This post has been updated to correct the spelling of the second Zumwalt class guided missile destroyer. The correct spelling is Michael Monsoor (DDG-1001).
The first in a class of new guided missile destroyer has left its Maine shipyard to start a three-month journey to its homeport in San Diego, Calif.
Zumwalt (DDG-1000) headed to the Atlantic down the Kennebec River from its berth at the General Dynamics Bath Iron Works shipyard on Wednesday, the Navy announced.
Following the ship’s planned commissioning in Baltimore on Oct. 15, the ship will then transit to California for a post-delivery maintenance availability focused on activating the ship’s combat system.
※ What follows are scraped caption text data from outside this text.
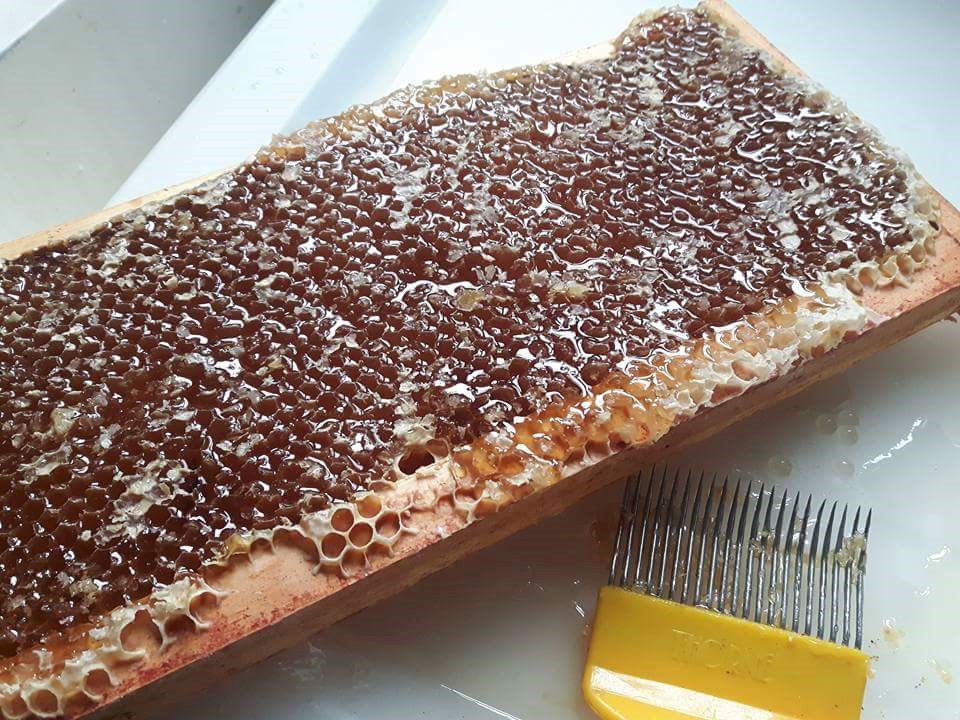  Mountain Ridge Raw Honey Cambridge OH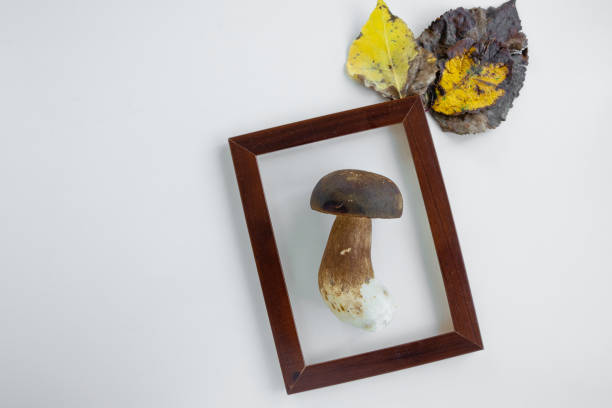 istock Autumn in a frame. Boletus edible (Porcini) mushroom 1181244370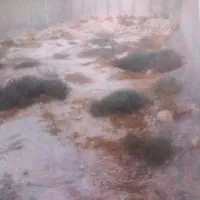 زمین-مسکونی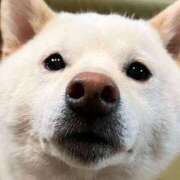 ヒメ日記 2025/08/04 20:04 投稿 志波 菜穂 30代40代50代と遊ぶなら博多人妻専科24時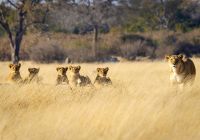 Zimbabue parque nacional hwange leoes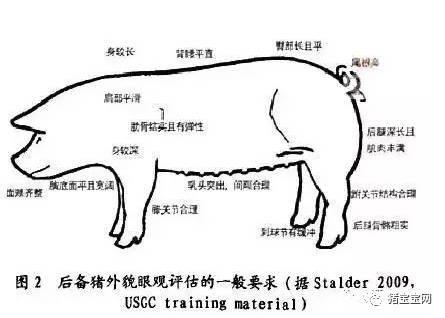 【技术】4步教你挑选优质后备母猪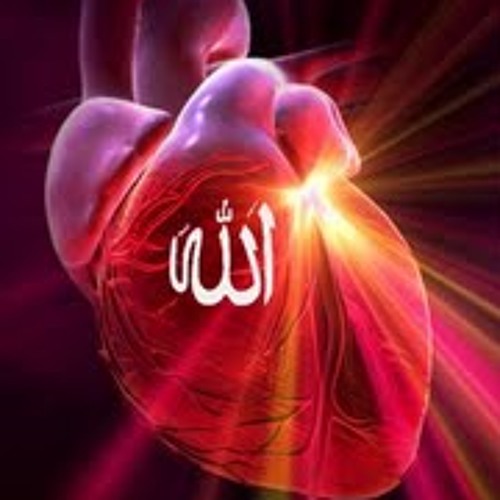 Detail Surat Ratib Al Haddad Nomer 48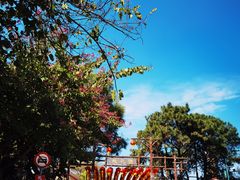 -广州莲花山旅游区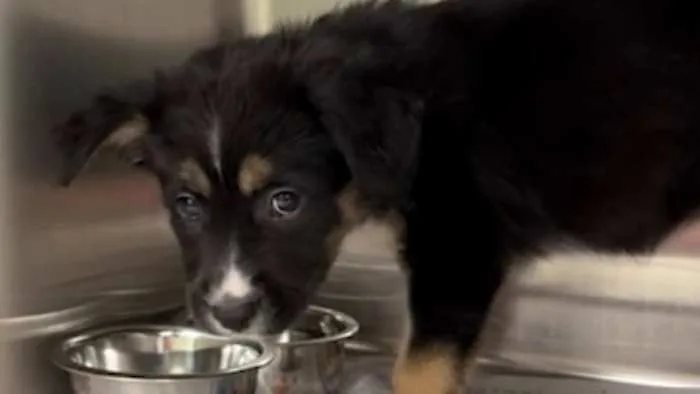 Free and low-cost spay, neuter options available for San Antonio pet owners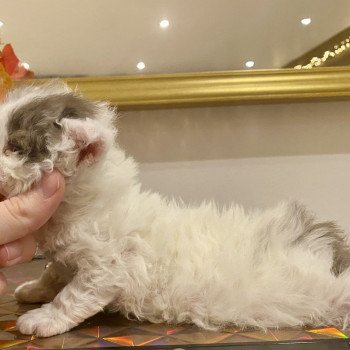 Anastasia de Mirkwood Femelle Selkirk Rex Longhair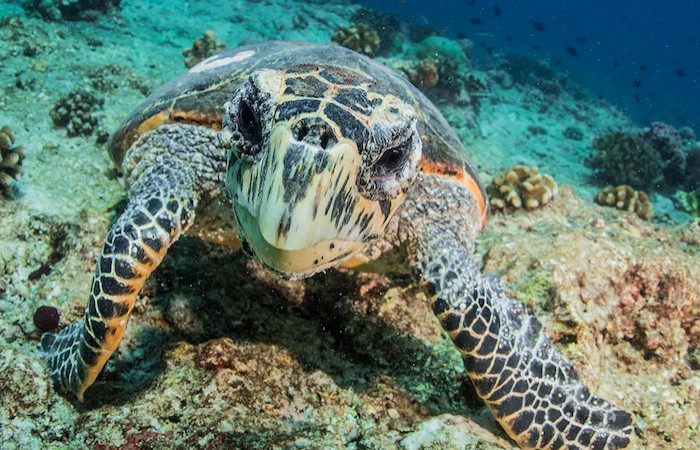 House Reef Snorkel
The ship is set to be “integrated into the fleet” by 2018, the service said on Wednesday.
The departure from Bath follows the May delivery of the 16,000-ton destroyer to the service after several months of delay for a testing period to prove out the ship’s first-of integrated propulsion system (IPS).
The IPS is a system in which Zumwalt’s main engines power a complex electrical grid that power massive electrical motors instead of a direct mechanical link to the ship’s propellers.
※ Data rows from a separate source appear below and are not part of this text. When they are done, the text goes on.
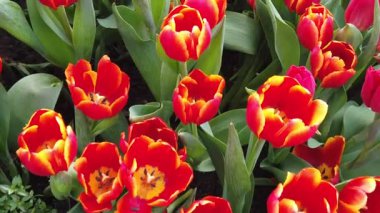Güzel Blooming Çiçekler rüzgarda sallanan. Yakından Kapatın. Yavaş Çekim. Sakin Sinematik Doğa Arka Plan.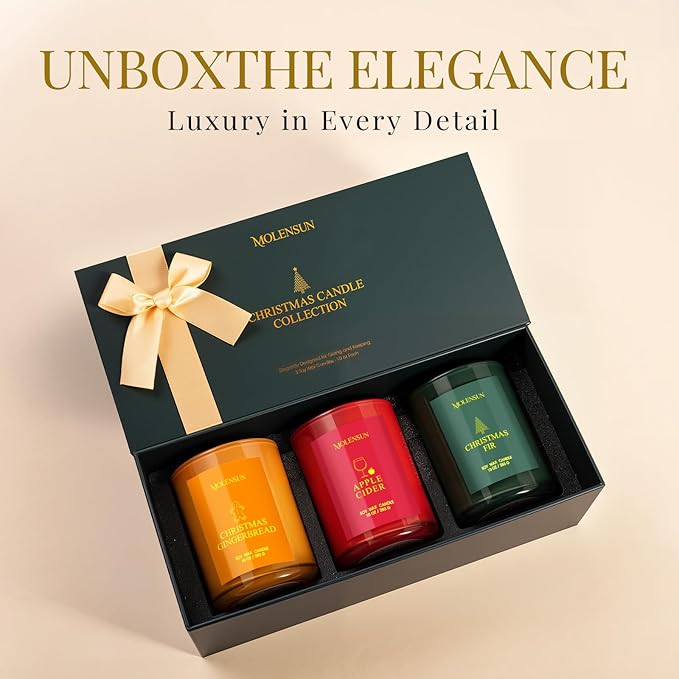 Christmas Candles Gift Set, 3 Pack Total 30oz Soy Scented Candles in Luxury Gift Box, Birthday & Holiday Gifts for Women & Men, Long Lasting Non-Toxic Clean Burn, Elegant Winter Festive Home Decor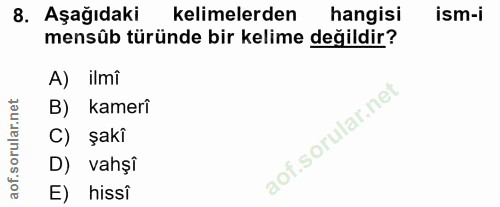 8. soru: Aşağıdaki kelimelerden hangisi ism-i mensüb türünde bir kelime değildir? A) ilmî B) kamerî C) şakî D) vahșî E) hissi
The ships’ main weapons are twin 155mm BAE Systems Advanced Gun Systems (AGS) designed to fire a specialized rocket assisted guided round to attack land targets – Lockheed Martin’s Long Range Land Attack Projectile (LRLAP).
Zumwalt is the first of three ships in the $22 billion class. Michael Monsoor (DDG-1001) and Lyndon B. Johnson (DDG-1002) are currently under construction at BIW.
The Navy initially sought to purchase more than 30 of the hulls, but at the direction of then-Secretary of Defense Bob Gates trimmed the class to three ships.